# Pro Advice: Repair or Replace Deck ledger board and joists?



## jdm001 (Nov 6, 2009)

I have a deck on a house we bought 18 mos ago, during inspection, it was found that the joists were 20oc and the previous homeowner had to add in new joists between the old. For prosperity's sake, I asked them to do ALL and I paid for the extra half dozen that were already 16oc so that it had all new joists. The top of the deck was ok, but I was going to replace anyway.

So, I took off the top of the deck about a month ago, but we had a ton of slight rainy days (no huge storms, but way too slippery to work), and then some unexpected finances put this on hold.

I have two problems now:

1) there were two joists that bowed a bit in the middle and consequently shrunk 
about 1/2 an inch (definitely less than an inch). They are still in the joist hangers, but the diagonal screws are now pulled through the tiny edge of the joist and no longer secure it from moving a tiny (less than 1/8 inch) in the hanger. It is NOT close to shrinking so much that it backs out the back of the bottom lip and falls out but I wanted to secure it.

Can I just sister in a two or four foot joist and use a double joist hanger? I don't have a way of transporting 16ft by 8 inch wide joists, and nearest delivery charge is $70 plus lumber. Deck has 19 joists and only two are shrunk like this. Also, if I sister it, how can I fill in the cracks between the sistered parts do that they don't hold water and rot.

2) Other problem is the far main ledger board has some rot. It's a 12 inch wide board that has rotted on the top inch or so. For safety, I installed a joist under the inside mounted to the posts (see pictures). I noticed all the rot was when I pulled out the old joists and hangers.

I was going to use outdoor wood filler and outdoor glue. None of the sides or anything that the joists and hangers are mounted to are weak or rotted. If I use the filler to build up the top to be level and stronger, and then I was going to look for some type of plastic flashing to make sure it doesn't get wet and rot (the filler is rated for outside and water anyway). Id hate to replace it, it'd mean redoing 1/2 my deck.

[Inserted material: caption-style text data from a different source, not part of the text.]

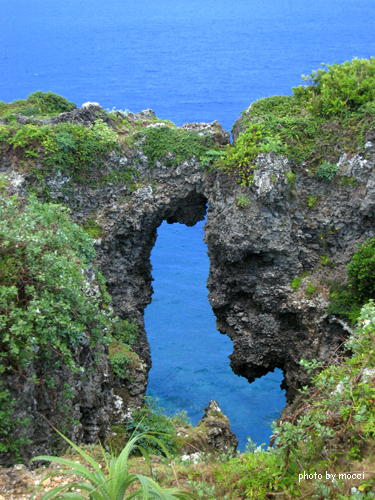 d0131523_21411280.jpg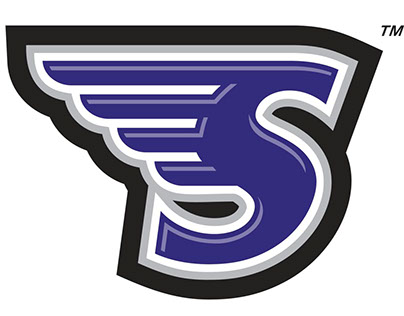 Stonehill College Women's Basketball Projects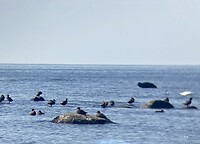 Vogels en op de achtergrond een zeehond.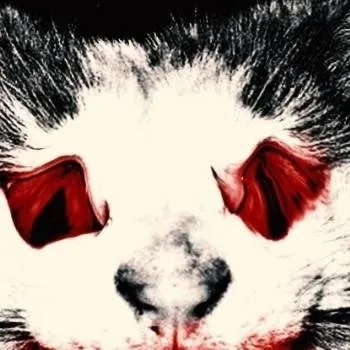 chat with ai character: Ghost cat!👻😾🐈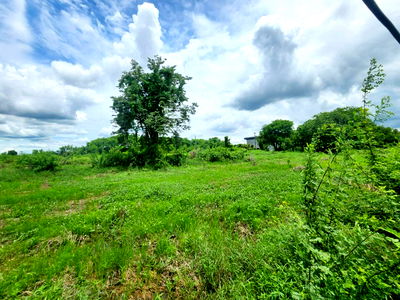 Land for sale Pathumthani : Land for sale, Khlong Hok Subdistrict, Pathum Thani Province, 67.5 square wah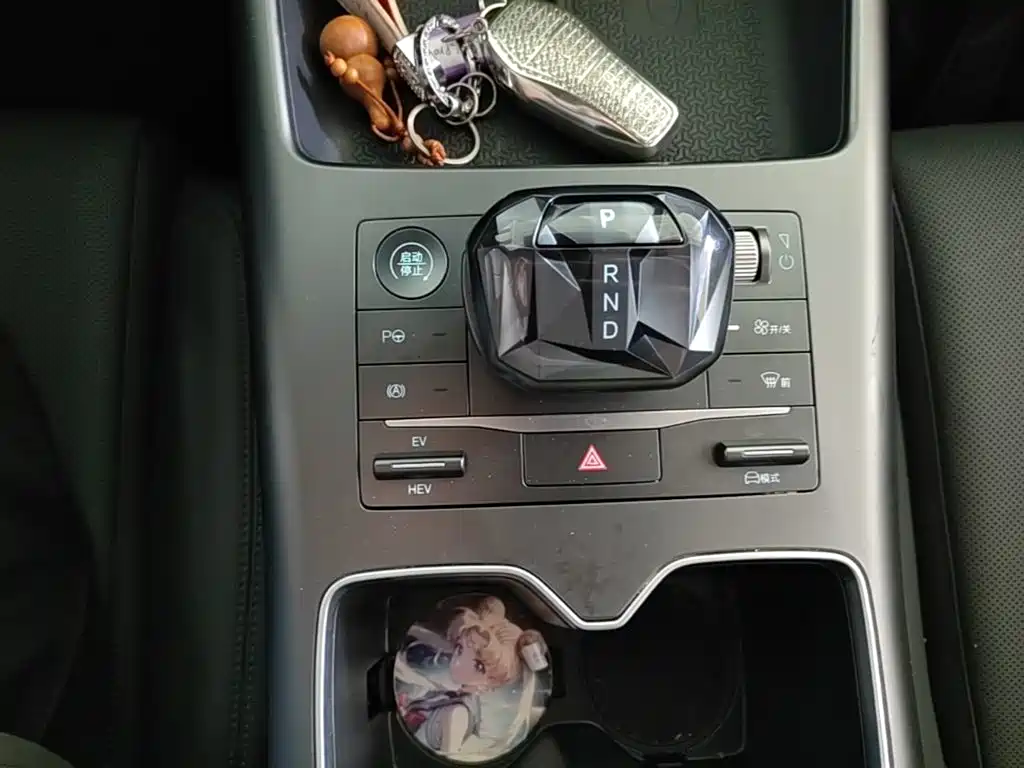 BYD Pro New Energy — фото 10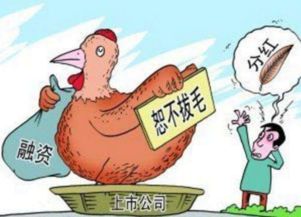 如何吃股票红利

Any advice or tips greatly appreciated!

Sent from my iPhone using DIY Forum


----------



## user1007 (Sep 23, 2009)

When n doubt, if you can afford and given the damage you show in the photos?

Replace. 

Especially since you are talking about structural members.

You cannot fill the kind of rot you photographed with simple wood filler and glue!

You can replace it with structural epoxy wood resortation products from some place like Abatron out of Wisconsin. I started using their stuff ages ago to restore wooden sailboats. 

You need new wood though. Just bite the bullet.


----------



## jdm001 (Nov 6, 2009)

sdsester said:


> When n doubt, if you can afford and given the damage you show in the photos?
> 
> Replace.
> 
> ...


I'd love to, but not in the budget to redo the whole deck that easily. We plan on keeping this house for about 2-5 years at most, and even with a market recovery we have little chance to recoup what I put in. I've already put $$ into finishing the basement (to code and inspected) so I can't sink more money into a whole new deck.

The main thing is that it is all structurally sound still. Nothing is rotted where the load is bearing. Just the top. I was going to take wood glue and sawdust NOT to fix the structure, just to plug up the open top after removing the rot.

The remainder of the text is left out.